The Bengals need to select Burrow. It would be great if the team was an established winner who somehow ended up in the position to pick Burrow, but that is not where they are.

The Bills had already made that shift and broke their playoff drought before drafting Allen. Which means that the Bengals are behind the curve. The Chiefs and the Texans paid a hefty price to get their quarterback. The 49ers and Vikings had to pay in a different way for Jimmy Garoppolo and Kirk Cousins respectively. The Bengals don’t have to worry about that.

They do, however, have a lot of work to do.

They need to use all of their resources to collect talented players to put around Burrow, but most importantly Zac Taylor and his staff need to create a winning culture where players expect to win and do the little things right all of the time.
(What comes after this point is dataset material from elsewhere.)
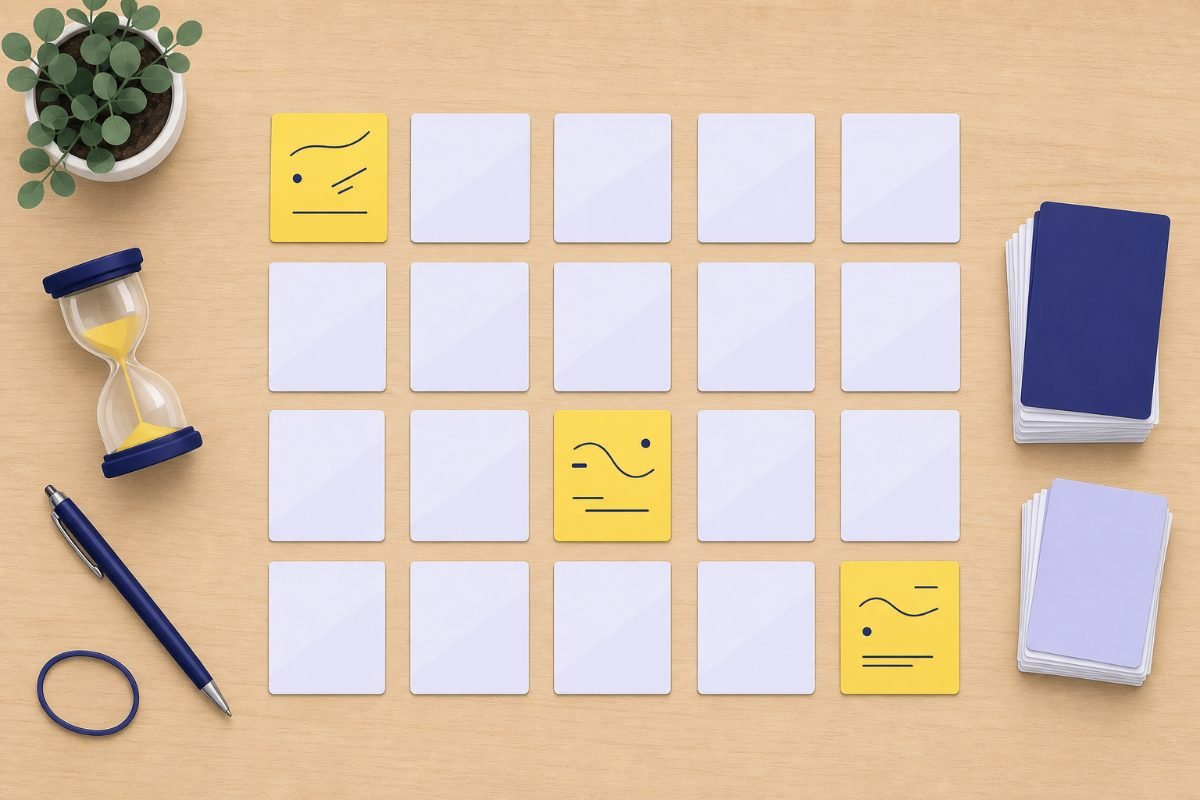 Comment organiser son travail en PASS ou en LAS : la semaine type 1 Fiches de révision posées face cachée en grille, trois retournées, avec un sablier — entraînement à la restitution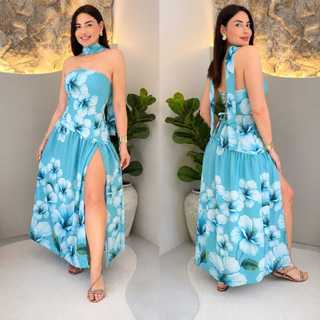 Vestido Floral Feminino Longo Con Fenda e Amarração nas Costas Verão 2026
That is where Cleveland went wrong last year.

The Rams had a good team when they selected Goff, but not the right coach. They brought in Sean McVay the following year and changed the culture (and the playbook).

In that way the Bengals are ahead of the curve. Taylor is already here and hard at work on fixing the team’s problems. Burrow will be working with Taylor, offensive coordinator Brian Callahan, and quarterbacks coach Alex Van Pelt from day one.

Burrow is a talented quarterback who could do great things in the NFL, but he is not this franchise's savior because that doesn’t exist. They must surround him with the right people and ideas.

Taylor needs to get this thing going right now, to help Burrow achieve his potential.